3. Sign up for appropriate online communities, blogs and usergroups. Once you find groups of like-minded people on the internet you can begin to participate. As Scott Allen recommends, take it slow and easy. Pick one or two groups to being with and begin by reviewing the information that people are displaying and the discussions that are in progress. Take time to see how people are responding, whether people are responding (are participants active), to find out if the discussions are in sync with topics and ideas that appeal to you. Once you have a clear sense of the alignment that you have with the people and focus of the site, then is a good time to “stick your toe in the water” by adding your comments and questions.

4. Research various projects that you might consider supporting. Read about the organizations you are interested in and also network with the people you know. Ask the people that you know and respect for their experiences and suggestions. Find out what types of causes, organizations and project people whom you know and respect are supporting. Ask them for their opinion about projects that you are considering.

5. Send emails requesting information regarding activities, events and projects. Ask for information. Gather information by requesting the information you need to make the best choices regarding your volunteer interests.

6. Send emails making requests for what you need to fulfill your projects. Utilize your own network of contacts to get others involved and get the help that you need to support your volunteer projects. Sometimes people are just waiting to be asked. Even people who would not typically volunteer their time or services may find themselves interested when someone else shows an interest in their participation.
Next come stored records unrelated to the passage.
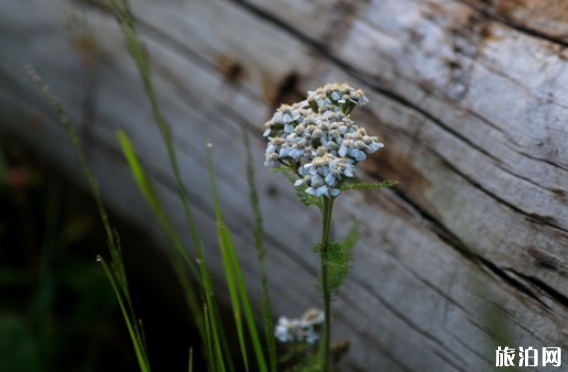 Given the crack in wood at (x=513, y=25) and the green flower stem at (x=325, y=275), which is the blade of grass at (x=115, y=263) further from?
the crack in wood at (x=513, y=25)

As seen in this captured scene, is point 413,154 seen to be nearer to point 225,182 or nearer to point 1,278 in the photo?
point 225,182

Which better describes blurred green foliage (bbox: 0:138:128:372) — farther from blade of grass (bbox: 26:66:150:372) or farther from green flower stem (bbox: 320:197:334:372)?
green flower stem (bbox: 320:197:334:372)

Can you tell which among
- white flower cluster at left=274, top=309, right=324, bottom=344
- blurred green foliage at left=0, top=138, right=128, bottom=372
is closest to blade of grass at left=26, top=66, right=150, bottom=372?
white flower cluster at left=274, top=309, right=324, bottom=344

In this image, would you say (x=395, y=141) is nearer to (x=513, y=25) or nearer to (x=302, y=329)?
(x=513, y=25)

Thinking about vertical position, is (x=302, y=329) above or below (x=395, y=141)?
below

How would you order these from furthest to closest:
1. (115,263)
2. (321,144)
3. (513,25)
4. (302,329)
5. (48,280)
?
(48,280) < (513,25) < (302,329) < (115,263) < (321,144)

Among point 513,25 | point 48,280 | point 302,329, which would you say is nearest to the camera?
point 302,329

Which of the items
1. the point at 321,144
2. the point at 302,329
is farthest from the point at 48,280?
the point at 321,144

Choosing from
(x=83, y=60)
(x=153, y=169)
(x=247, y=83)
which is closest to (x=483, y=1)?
(x=247, y=83)

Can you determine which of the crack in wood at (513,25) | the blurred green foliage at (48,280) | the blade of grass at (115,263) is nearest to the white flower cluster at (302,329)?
the blade of grass at (115,263) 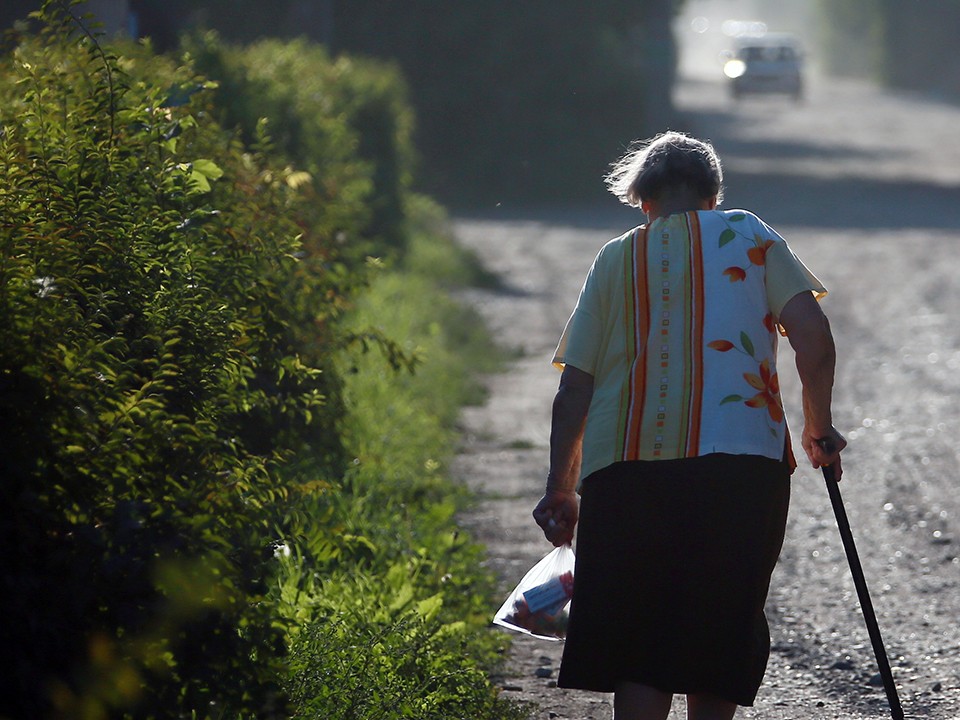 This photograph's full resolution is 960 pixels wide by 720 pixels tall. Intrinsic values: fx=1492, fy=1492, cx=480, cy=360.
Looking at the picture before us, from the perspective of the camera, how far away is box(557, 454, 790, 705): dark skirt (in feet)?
11.6

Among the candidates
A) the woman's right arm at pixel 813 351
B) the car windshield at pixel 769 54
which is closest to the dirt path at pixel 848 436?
the woman's right arm at pixel 813 351

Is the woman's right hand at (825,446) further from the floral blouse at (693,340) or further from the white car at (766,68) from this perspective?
the white car at (766,68)

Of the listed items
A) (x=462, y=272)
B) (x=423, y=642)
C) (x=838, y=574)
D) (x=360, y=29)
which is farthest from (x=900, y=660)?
(x=360, y=29)

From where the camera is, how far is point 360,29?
28969mm

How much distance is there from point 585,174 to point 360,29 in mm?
5351

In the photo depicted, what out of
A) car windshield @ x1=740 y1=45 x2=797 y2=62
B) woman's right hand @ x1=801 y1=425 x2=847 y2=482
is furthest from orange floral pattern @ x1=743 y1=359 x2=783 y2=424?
car windshield @ x1=740 y1=45 x2=797 y2=62

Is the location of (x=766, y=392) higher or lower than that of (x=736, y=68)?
lower

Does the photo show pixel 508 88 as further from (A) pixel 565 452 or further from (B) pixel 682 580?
(B) pixel 682 580

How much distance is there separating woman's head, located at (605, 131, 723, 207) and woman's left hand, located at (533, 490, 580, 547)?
30.8 inches

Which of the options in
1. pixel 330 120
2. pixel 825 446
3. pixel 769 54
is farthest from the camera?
pixel 769 54

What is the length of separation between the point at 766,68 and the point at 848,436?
41.1 metres

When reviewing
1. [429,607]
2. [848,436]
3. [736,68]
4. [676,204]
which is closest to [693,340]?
[676,204]

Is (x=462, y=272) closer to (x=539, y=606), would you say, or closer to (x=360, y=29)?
(x=539, y=606)

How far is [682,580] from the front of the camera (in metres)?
3.54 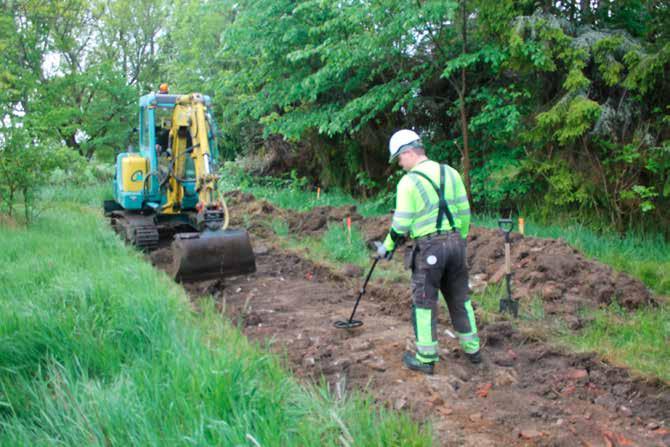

7. Send emails offering your support and services. Let people know what you have to offer and how you want to contribute.

8. Send emails letting others know about opportunities that people can support. Pass along information to others in your network about events and opportunities. You never know when someone you know may be interested in getting involved in some social cause and you may be the stepping stone for them.

9. Create your own website promoting your cause and giving people a way to connect. The web is an easy platform for business, personal issues and social causes. If you have a personal website, be sure to include information about your involvement in social cause. Provide links to sites that give more information about the social cause that you support.

10. Create links on your website to other sites that further social action. On my business website, www.DonnaFisher.com, I have a Links page that includes business links, friend’s link and links of organizations that I believe in that are doing social good.